Speaking in a recent interview, Spencer said of VR: “What experiences do you put in people’s hands to have a long term engagement? Most of these things I’m playing now feel like demos and experiments, which I actually think it’s absolutely the right thing to have happened. That’s not a criticism at all, but should be happening. But I think it will take time.”

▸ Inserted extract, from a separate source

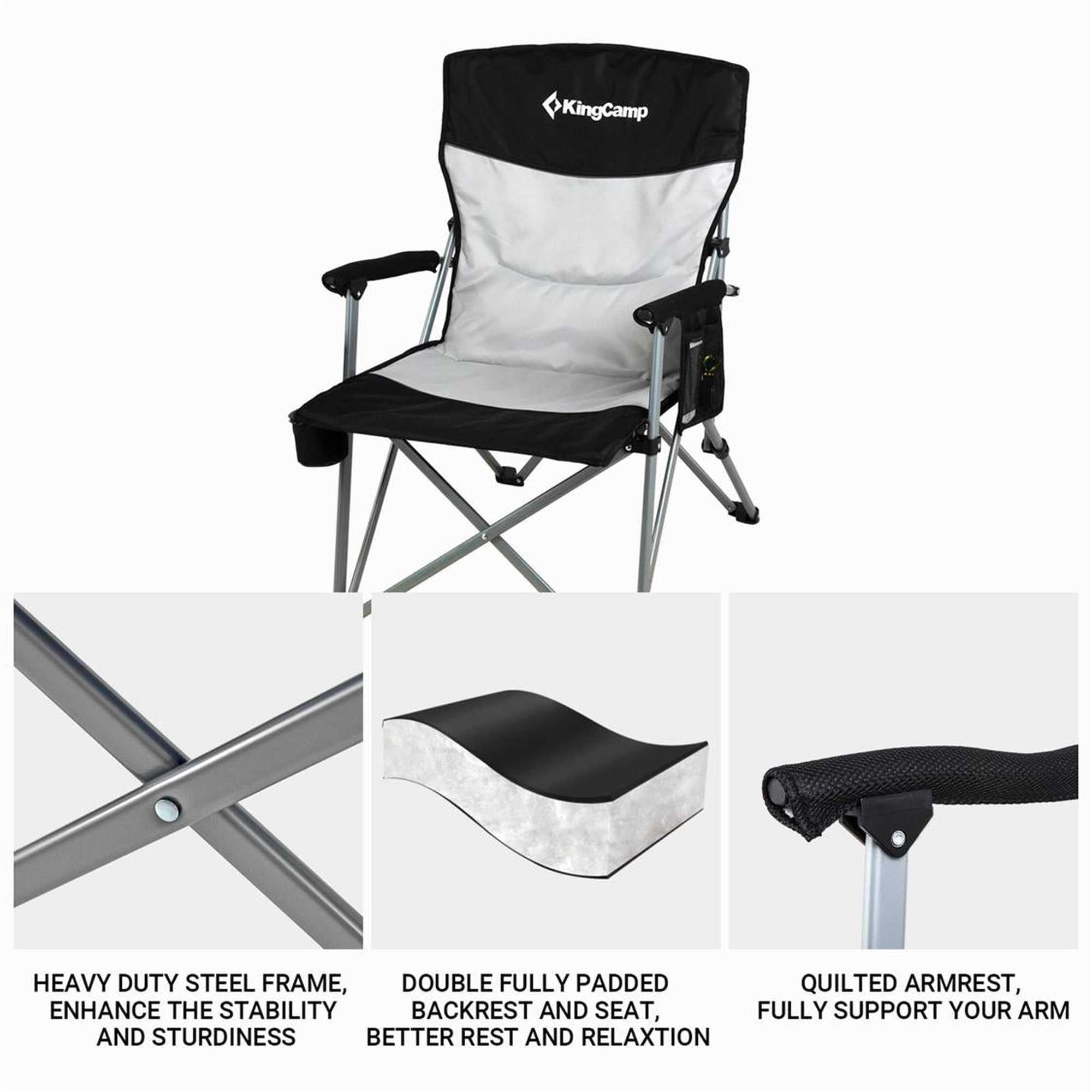 KingCamp Padded Outdoor Camping Lounge Chair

Of course, that’s hardly inaccurate. It is indeed still finding its feet, although for VR its coupled with discovering how it’s feet actually function. Those of us who have been talking about VR for a while now have never said VR was gonna hit the ground and immediately be what it needs to be. It wasn’t going to have all the answers. It’ll be divisive for a while yet. Right now for every games journalist who writes that VR is good there is one who writes that it made them sick and is terrible. As we have said before, there is some VR that simply isn’t good. Strangely VRFocus were recently taken to task on Twitter because Peter noted in his Alice VR review that is made him feel uncomfortable, and that VR veterans might well also find themselves feeling a bit green in the gills. Good feedback and good information you’d have thought, but instead we were asked why someone who is ‘prone’ to being motion sick was doing reviewing a VR game at all. Surely, this was a bias. ‘You wouldn’t get someone lactose intolerant to review dairy products’, we were told.
Frankly the comparison, from a VR developer no less, was utterly ludicrous for obvious reasons. I mean if you got all of the VR press together and took away anyone who has at any time felt uneasy in VR and you’d have an empty room. Of course the dev had never felt sick in VR before themselves, so naturally it was all Peter’s fault and he shouldn’t review again unless he does a physical or something.
We’ll be taking the suggestion under advisement.
But that’s the thing, everyone is still learning. Clearly even those who make VR, as VR is, for all intents and purposes, a brand new platform. Developers are trying to decide how best to evolve current games and what flies as a new one. What is a problem in a standard experience isn’t the same in a VR game necessarily and vice-versa. It’s a whole new game for QA to wrap their heads around. In that same way consumers need to re-learn what they consider to be an acceptable length experience. People seem to love the new Batman: Arkham VR experience. Now I love Batman – as my media unit’s shelf full of Blu-Rays will attest – but I know if the same experience came out and it wasn’t Batman people wouldn’t likely be far more critical of what is, for a chunk of it, essentially “Please Appreciate The Arkham Knight Assets”.
We need full game experiences. True. Let’s not act like they’re not out there tho. I mean, if Microsoft are indeed waiting because it’s not the right time yet on XBOX it’s kind of an odd situation that we’re now getting HMDs from five Microsoft partners specifically for VR and Windows 10. If its not right for games why is Minecraft wheeled out whenever a point is needed to be made, such as Microsoft themselves did and continue to do with Hololens? Admittedly that was a demo but is it not access to it on Gear VR?
Bottom line, waiting is fine. But if your cash cow is used as one of the standard bearers and the rest of the company is pushing full speed ahead then your reasons for waiting look a lot, lot thinner.